The Expanded Owens Valley Solar Array (see our early EOVSA Nugget) is now fully operational, and obtained mutli-frequency microwave (MW) images and movies of the spectacular flares of September 2017 in the frequency range 2.5-18 GHz, with 1 s time resolution. A paper describing the first science results from EOVSA is now available (Ref. [1]), as summarized here and below.

The 2017 September 10 X8.2 Flare

The flare SOL2017-09-10, in NOAA AR 12673 reached GOES soft X-ray class X8.2. Figure 1 shows the EOVSA microwave (MW) and RHESSI hard X-ray (HXR) images at three times during the event, overlaid on AIA 193 Â EUV images. As usual for large limb events, the RHESSI thermal (~12 keV) sources are associated with the brightest EUV-emitting loops, while the nonthermal (~50 keV) coronal sources are higher, but still well centered above the growing EUV-emitting, cusp-shaped source. The MW sources, which generally come from much higher energy (~300 keV) electrons, are still higher and show some asymmetry in the emitting region, especially at later times when the MW source bifurcates and seems to avoid the densest part of the plasma sheet.

Figure 1: Comparison of AIA , RHESSI, and EOVSA images at the three times. AIA 193 Â images (in reverse grayscale of log intensity) are superposed with filled 50% contours of EOVSA microwave emission at 26 spectral windows, with hues shown in the color bar. RHESSI hard X-ray 30, 50, 70, and 90% contours are also superposed for two energy ranges. Left-hand panels have a 2×2 arcmin field of view (FOV), while right-hand panels have a larger 5×5 arcmin FOV. Panels a, b are at 15:54 UT early in the event, panels c, d are at 16:00 UT, near the peak of the radio and hard X-ray emission, and panels e, f are at 16:41 UT much later in the event.

Figure 2 shows height-time stackplots of AIA, EOVSA and RHESSI data taken along the dashed line in Figure 1d. This shows the steady rise in radio sources at exactly the same rate as the growth of the EUV loops, so that the radio source maintains its spatial relationship to the EUV-bright loops.

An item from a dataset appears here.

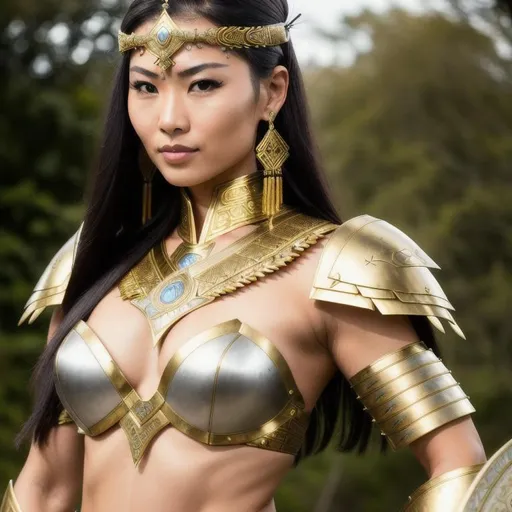 Prompt: An ultra-photorealistic, extremely detailed, 8k quality image. Beautiful warrior woman. Asian-Eqyptian mix.  Slender, gorgeous.  Smooth, radiant skin. Professional photograph quality.  Fancy, extremely intricate armor.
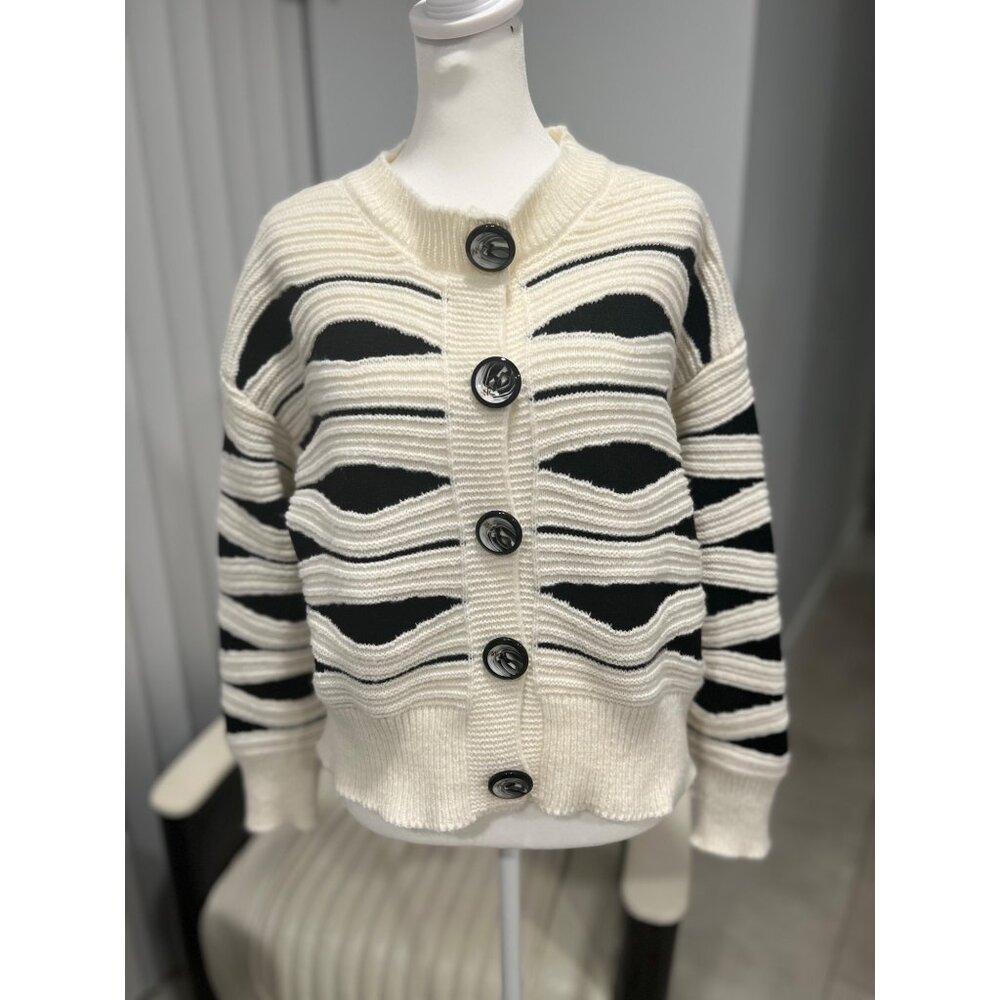 VITA GRACE Lorna textured two tone cardigan size Medium oversized MSRP $220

Figure 2: Height-time stackplots of AIA, EOVSA, and RHESSI data from a horizontal cut at vertical position y = −141′′ in Fig. 1d. The red vertical bars in each panel show the 50% contour height range of the RHESSI thermal sources at times t1 and t2, from Fig. 2a,c, while the blue bars show the corresponding height range of the RHESSI nonthermal sources. The time range covers 20 minutes, from 15:46-16:06 UT. (a) AIA 193 Â intensity, log-scaled. The black dashed curves schematically show the leading and trailing edges of the flux rope. (b) AIA 131 Â intensity, log-scaled. (c) EOVSA 5.42 GHz brightness temperature, linearly scaled. (d) EOVSA 13.42 GHz brightness temperature, linearly scaled. (e) The same AIA 193 Â intensity as in (a) overlaid with the 5.42 GHz brightness temperature contours at 30, 100, 300, 1000, and 3000 MK. (f) The AIA 131 Â intensity as in (b), overlaid with the 13.42 GHz brightness temperature contours at 100, 300, 1000, and 3000 MK.

MW Imaging Spectroscopy

The multi-frequency images at each moment in the flare form a spatial-spectral data-cube, which can be displayed as multi-frequency images, as illustrated in Figure 3a, at 28 frequencies (from 3.4 to 16.9 GHz) for the 15:54 UT time. The frequency content of these images can be visualized as in the “true-color” image in Fig. 3f, where the images at 28 frequencies are apportioned different red-green-blue weights according to their frequency. In addition to displaying images at different frequencies as in Figure 3a, we can display spectra at different spatial locations, as in Fig. 3b-e, which are line-of-sight spectra obtained at the 4 points labeled in Fig. 3f. The data points in Fig. 3b-e can be fit with gyrosynchrotron emission spectra from a multi-parameter homogeneous source, and the fit parameters (the magnetic field strength B and power-law index delta parameters are shown as text in each panel). Although these fits are preliminary, and shown only to illustrate the technique, it is clear that the changing spectral shape over the emission region reflects varying parameters vs. location in the source that can be exploited for imaging spectroscopy, including dynamic coronal magnetography (Ref. [2]).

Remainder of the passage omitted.